Database - Column - Row - Cell - Query - Virtual Database - Access

 

DB

db.add

- auth_token

- name

- description

Creates a new (empty) database.

Returns

{
   "id": "",
   "create_date": "",
   "modified_date": "",
   "num_rows": "",
   "name": "",
   "description": "",
   "size": ""

}

 

db.remove

- auth_token

- db_id

Removes meta data, columns meta information and database data.

 

db.update

- auth_token

- db_id

- meta - this is a JSON with the following format:
{
   "name": "",
   "extra": { ... the extra JSON... },
   "description": ""
}
 - This "meta" JSON must contain at least one of "name" or "extra" or both of them.

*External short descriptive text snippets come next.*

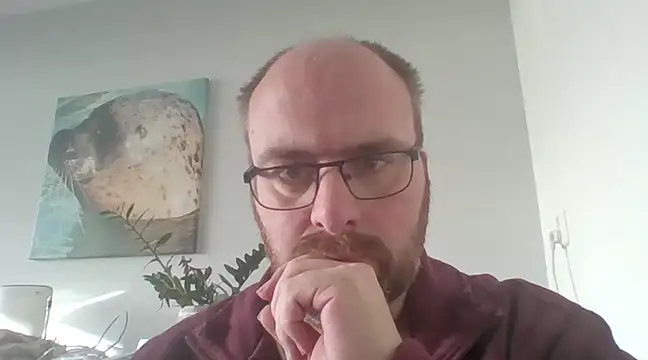 Snapshot of CamboyHappyDave chatting on December 7, 10:23 am CamboyHappyDave online show from December 7, 10:23 am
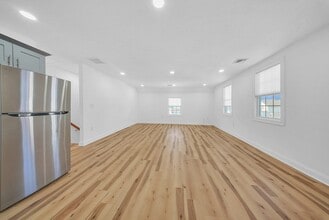 11 Willet St in Quincy, MA - Building Photo - Building Photo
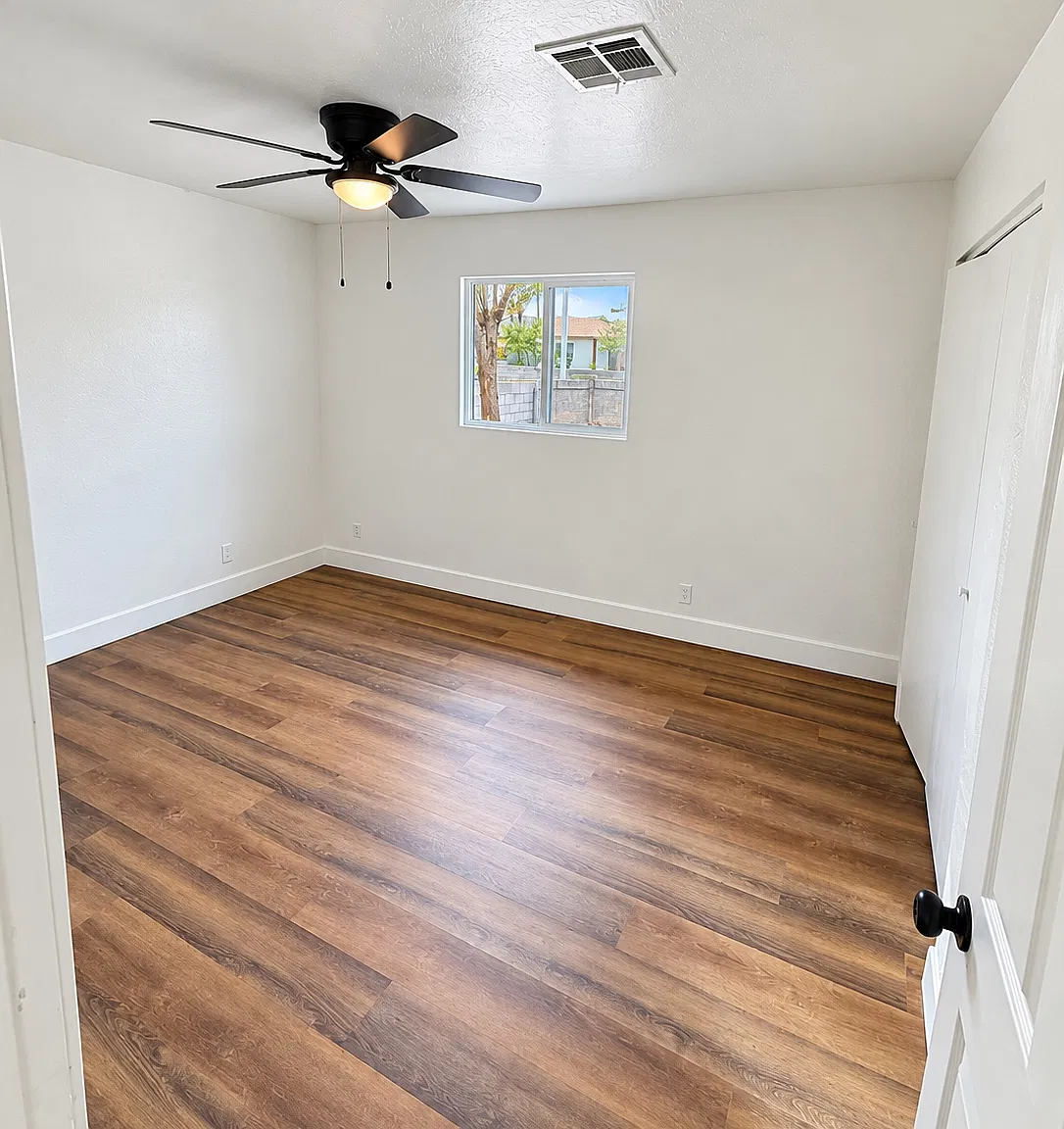 4 bed, 1723 sqft, $2,650 — Photo 3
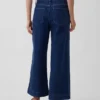 Hög midja, vid ben och ankellånga sjömansjeans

Updates database meta information. For each database there can be set extra custom information about the database such as DB editor visual settings. It must be in JSON format.

 

db.get

- auth_token

- db_id

Gets DB meta information

Returns

{
   "id": "",
   "name": "",
   "description": "",
   "create_date": "",
   "modified_date": "",
   "num_rows": "",
   "size": "...",
   "extra": { ... extra JSON ... }
}

 

db.get_all

- auth_token

Gets all user databases meta information.

Returns an array of meta information. Each of the elements in the array has the format of what db.get returns. The JSON here is:

{
   "databases": [
      {
         "id": "",
         "name": "",
         ...
      },
      ...
   ]
}

db.copy

- auth_token

- src_db_id

- dst_db_id

Copied an entire database (meta information and data) under a new name.

Returns

{  
   "id": "",
  

   "create_date": "",  
   "modified_date": "",  
   "num_rows": "",  
   "name": "",  
   "description": "",
   "size": "...",

   "extra": { ...extra JSON... }
}

 

Column

db.column.add

- auth_token

- db_id

- name

- description

- type 

0 - Text
1 - Integer - only positive and negative integers
2 - Date
3 - Rich Text
4 - Password
5 - File
6 - Numeric auto-increment
7 - Checkbox
8 - Dropdown
9 - Multichoice
10 - Combo
11 - Float - floating point numbers rounded to the 5th digit after the floating point

 

- default_value - default value

- extra - extra meta data, mandatory for Dropdown, Multichoice and Combo

- attributes - integer which may have the following bits/flags set
1st bit - unique

Adds a new column to a database.  
Checks "name" uniqueness within the database. Checks if the number of columns in the current database is less than 256. Returns an error otherwise. 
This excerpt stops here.